Open Audience blog Technology as an Enabler in Virtual Learning and Development

Technology as an Enabler in Virtual Learning and Development

Technology in learning and development is an enabler; it should never be used as a prop to replace learner-centric engagement.

However, in the virtual world where that one-on-one classroom connection is not possible, a trusted quality technology solution is essential to enabling the coach to focus on the audience and enabling the audience to focus on engaging and learning.

In the pre-COVID world, my main learning and development sessions tended to take place face-to-face, building energy and enthusiasm and supporting the learner to develop and grow. With that rapport and trust established, people tended to be more tolerant if technology glitches happened in virtual follow-up sessions. At that point, the learners have met you and they know that what you have to offer is valuable.

With all coaching now handled virtually, it’s important to be able to anchor learners in the experience right away and that means the technology needs to work so you as a facilitator can listen, connect and engage with your audience.

In this more complex environment, having an experienced technology partner removes any uncertainty and makes it possible to recreate the classroom experience through a solution that can better facilitate a connection with the audience.

In my own experience, working with Open Audience has allowed me to recreate the energy that would normally be in the classroom because I can tell them what I want to achieve, and I can trust them to not only deliver that solution but also to be seamless in the execution on the day.

That lets me concentrate on connecting with the audience, asking the right questions, engaging with the feedback, and ensuring everyone is involved and getting what they want from the training.

A trusted facilitator

I am fairly technology savvy, and before the pandemic I would regularly run online training on my own, even with quite big groups of people.

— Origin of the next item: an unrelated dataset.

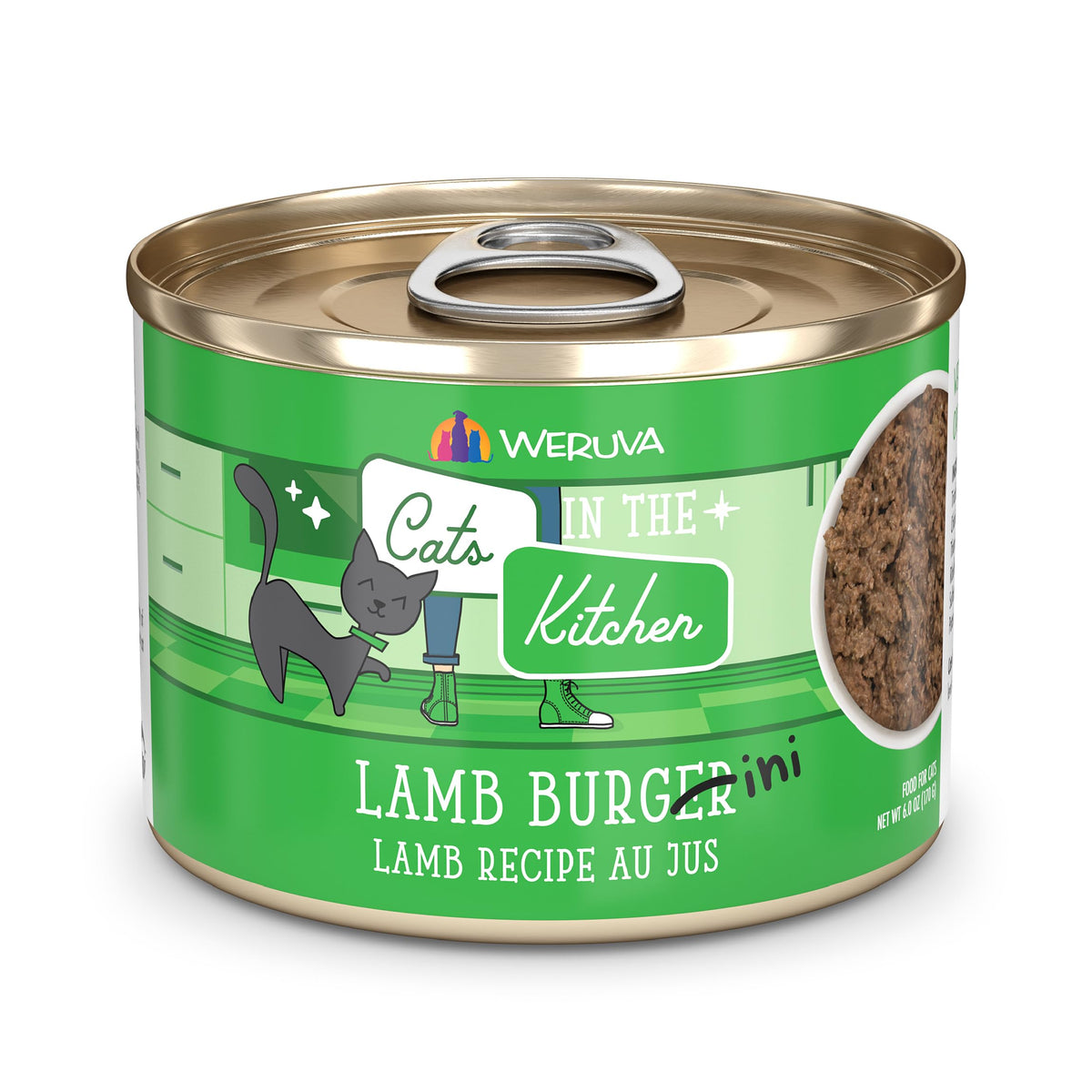 Weruva Cats in The Kitchen Lamb Burger-ini can front label highlighting premium protein blend for cats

Today, even though my technology skills have advanced with the switch to everything being virtual, I would always opt to have a technology partner or a second facilitator if budget allows.

If the technology is being managed separately, I can concentrate on my priorities, which are to be with my audience, connecting with them, creating a fun environment and agitating their thinking.

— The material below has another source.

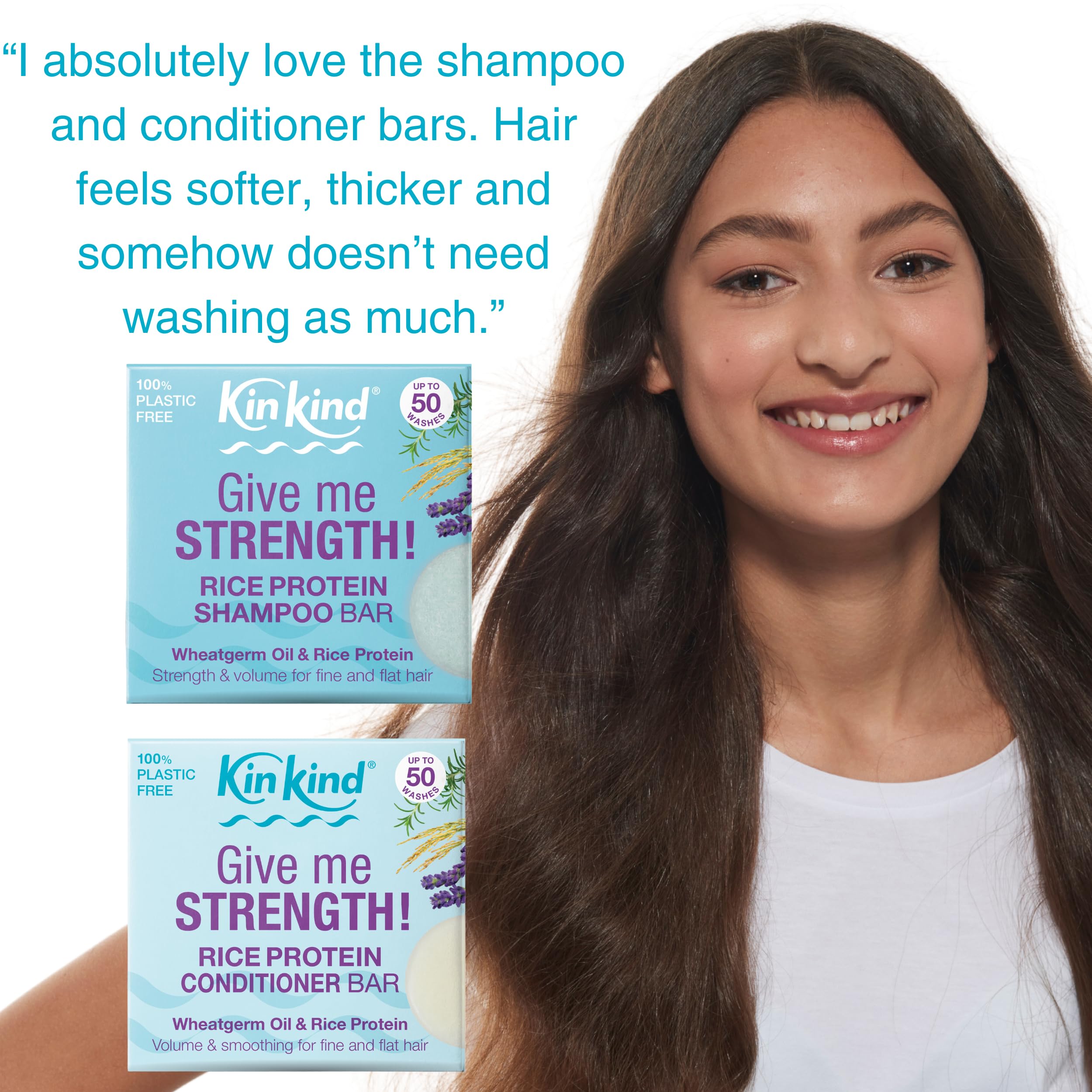 KinKind Rice Water Shampoo Bar for Hair Growth. Give Me STRENGTH! 3 Shampoo Bars for hair UK made. Solid Shampoo Bar with Rice Protein. Natural Hair Thickening Menopause Shampoo Bar for Thinning, Fine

A good technology partner removes the worry of technology failing during the session, or the presenter not being heard, or the breakout spaces not working. Unfortunately, when that does happen, it becomes a cloud that affects the whole session for the learner.

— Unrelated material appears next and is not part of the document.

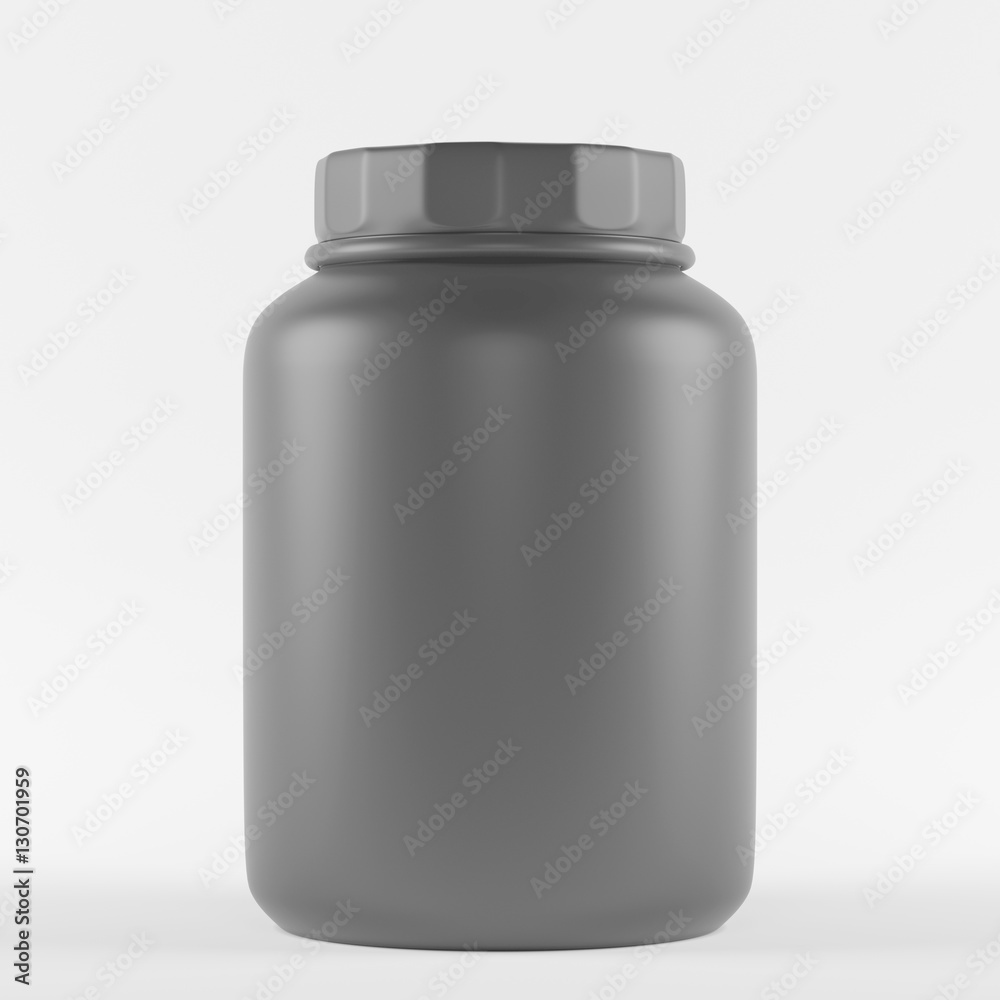 mockup blank protein jar, 3D rendering mockup blank protein jar, 3D rendering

While many people are suffering from technology fatigue, by being creative and able to innovate in the virtual space and working with a partner with that same ethos, I’ve had overwhelmingly positive feedback.

People attending the sessions have said they are unlike anything else they have experienced online.

All too often, virtual meetings involve a presenter talking ‘at’ the audience.

As a result, people have started turning off their cameras, going on mute, reading their emails and generally disengaging. My sessions, on the other hand, require the audience to contribute and give their full attention, just as they would in a classroom.

There is also, understandably, a real sense of camera fatigue. People have back-to-back meetings throughout their day. I’m mindful of the stress this places on learners, so I adapt sessions to keep them shorter and allow people to step away for both a physical and mental break.

I have also adopted a more flexible approach when it comes to cameras and mics since some people are grateful for the opportunity to be off camera and to interact via chat. So long as the learners are engaging, I don’t mind what approach they prefer to take.

Sometimes with one-to-one coaching just using audio allows you to really listen for voice expression or choice of phrases. For me, it’s about working with the individual to get the best from and for them, and that varies from one person to the next.

Learning happens when people engage and can embed what they have learned in their world and with their colleagues.

Creating a flexible, connected environment, one supported by innovative technology, and facilitating that embedded learning in the online space has helped me to recreate the same energy enjoyed in the classroom.

Lucy Philip, Founder, Director and Lead Consultant of Perfectly Blended, is a certified learning and development coach. With more than 20 years of experience in professional development, Lucy helps global organisations and individuals to develop their leadership and management skills. A nurse by training, Lucy spent more than 10 years at GSK, including many years as a coach and training manager and senior leader.